What a mature rules-based system looks like

South Africa's grain market de-regulation, which began in the early 1990s, offers the clearest regional comparator for what rules-based reform looks like at maturity.

South Africa's real maize price (adjusted to 2023 ZAR) (First Image) has oscillated around a long-run mean since market de-regulation in the mid-1990s — absorbing the global financial crisis and the war in Ukraine without the persistent volatility that characterises heavily discretionary markets. Coupled with this, South Africa has constantly been able to grow its production and increase its yields during the same period (Second Image)

The chart is striking not for what it shows happening after de-regulation, but for what it shows not happening. Despite the global financial crisis, the 2015–16 drought, and the commodity shock from the war in Ukraine, the real price of maize returned to roughly the same long-run level each time. That is what resilience in a rules-based system looks like: not the absence of shocks, but the capacity to absorb them without structural disruption.

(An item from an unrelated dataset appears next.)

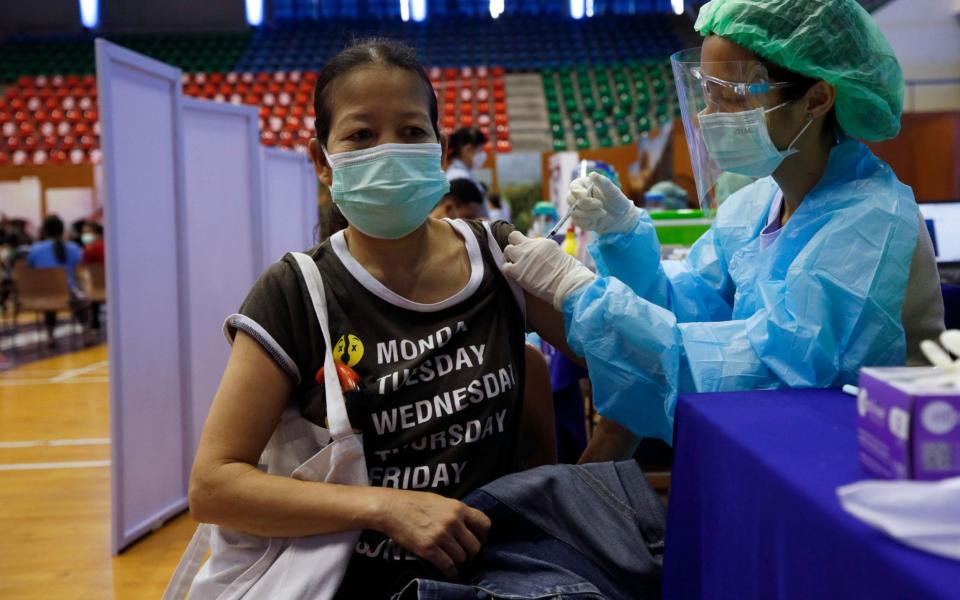 A woman receives a dose of AstraZeneca vaccine at a gymnasium turned vaccination center in Bangkok, Thailand - RUNGROJ YONGRIT/EPA-EFE/Shutterstock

South Africa's 1996 Marketing of Agricultural Products Act went further than simply removing the floor price. It established the National Agricultural Marketing Council, defined clear and limited conditions under which the Minister could issue statutory measures, required public reasons for any decision to accept or reject the Council's recommendations, and created institutional architecture that gave private actors a stable and predictable operating environment. Predictability was designed in, not assumed.

Designing predictability into reform from the outset

Implementation-ready reform treats predictability as a core design principle rather than an outcome that will emerge naturally over time.

In practical terms, this means making explicit choices about where discretion is necessary and where rules should dominate. It means building in mechanisms to signal policy intent clearly and consistently, particularly during periods of market stress when the temptation to intervene is greatest. And it means designing triggers and thresholds that are transparent, measurable, and credible enough that private actors will rely on them when making long-term decisions.

Predictability does not mean inaction. It means that when governments intervene, they do so within frameworks that market actors understand and trust. That distinction, between arbitrary intervention and rule-governed action, is what separates markets that attract private capital from those that push it away.

Questions worth asking early

Reform processes that take predictability seriously tend to surface a different set of questions at the design stage:

  • Where in this sector are private actors currently absorbing policy risk, and how is that shaping their behaviour?

  • Which policy tools are rules-based, and which depend on discretionary judgement, and is that balance intentional?

  • What signals are market actors currently relying on, and do those signals accurately reflect government intent?

  • Where coordination across institutions or borders is needed, what mechanisms exist to maintain alignment over time?

  • What would it take for private actors to trust that the rules will hold?

Reforms that engage with these questions upfront are far more likely to translate into the investment and market development that food systems across the continent need.